■ Task data ■
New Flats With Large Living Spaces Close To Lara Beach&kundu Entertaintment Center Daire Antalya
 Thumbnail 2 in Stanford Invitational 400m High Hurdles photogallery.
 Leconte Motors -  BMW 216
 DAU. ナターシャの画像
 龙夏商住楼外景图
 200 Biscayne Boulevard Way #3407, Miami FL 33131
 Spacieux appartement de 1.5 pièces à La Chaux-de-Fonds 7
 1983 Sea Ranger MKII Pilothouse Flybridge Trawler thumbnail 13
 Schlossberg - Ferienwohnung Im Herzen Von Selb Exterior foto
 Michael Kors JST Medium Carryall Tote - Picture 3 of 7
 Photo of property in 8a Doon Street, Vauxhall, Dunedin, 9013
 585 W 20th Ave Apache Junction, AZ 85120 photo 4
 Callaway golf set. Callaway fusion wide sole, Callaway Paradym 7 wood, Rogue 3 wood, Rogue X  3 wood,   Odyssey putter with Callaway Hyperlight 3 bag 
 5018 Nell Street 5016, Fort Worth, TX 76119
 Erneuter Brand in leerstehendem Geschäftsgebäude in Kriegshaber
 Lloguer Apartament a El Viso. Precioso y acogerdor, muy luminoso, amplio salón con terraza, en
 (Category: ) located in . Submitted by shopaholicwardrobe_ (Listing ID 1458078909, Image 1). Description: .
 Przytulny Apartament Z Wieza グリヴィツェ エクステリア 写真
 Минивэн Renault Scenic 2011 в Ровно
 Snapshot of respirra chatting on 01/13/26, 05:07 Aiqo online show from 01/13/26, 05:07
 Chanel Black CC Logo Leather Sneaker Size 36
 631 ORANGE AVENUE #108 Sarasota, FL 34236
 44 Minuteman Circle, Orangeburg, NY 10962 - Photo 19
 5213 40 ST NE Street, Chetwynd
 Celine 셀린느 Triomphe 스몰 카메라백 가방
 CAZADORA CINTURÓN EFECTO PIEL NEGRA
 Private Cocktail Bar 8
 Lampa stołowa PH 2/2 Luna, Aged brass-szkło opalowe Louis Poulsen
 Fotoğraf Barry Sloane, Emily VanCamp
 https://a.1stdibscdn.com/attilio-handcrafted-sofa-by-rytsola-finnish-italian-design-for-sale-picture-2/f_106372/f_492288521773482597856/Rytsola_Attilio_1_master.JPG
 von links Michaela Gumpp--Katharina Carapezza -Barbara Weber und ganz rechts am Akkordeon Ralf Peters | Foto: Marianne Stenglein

■ Action item ■
Exact duplication is required for the lines above, from the line that contains "Lloguer Apartament a" to the line that contains "Snapshot of respirra", inclusive; omit all others.

■ Output for this exercise ■
 Lloguer Apartament a El Viso. Precioso y acogerdor, muy luminoso, amplio salón con terraza, en
 (Category: ) located in . Submitted by shopaholicwardrobe_ (Listing ID 1458078909, Image 1). Description: .
 Przytulny Apartament Z Wieza グリヴィツェ エクステリア 写真
 Минивэн Renault Scenic 2011 в Ровно
 Snapshot of respirra chatting on 01/13/26, 05:07 Aiqo online show from 01/13/26, 05:07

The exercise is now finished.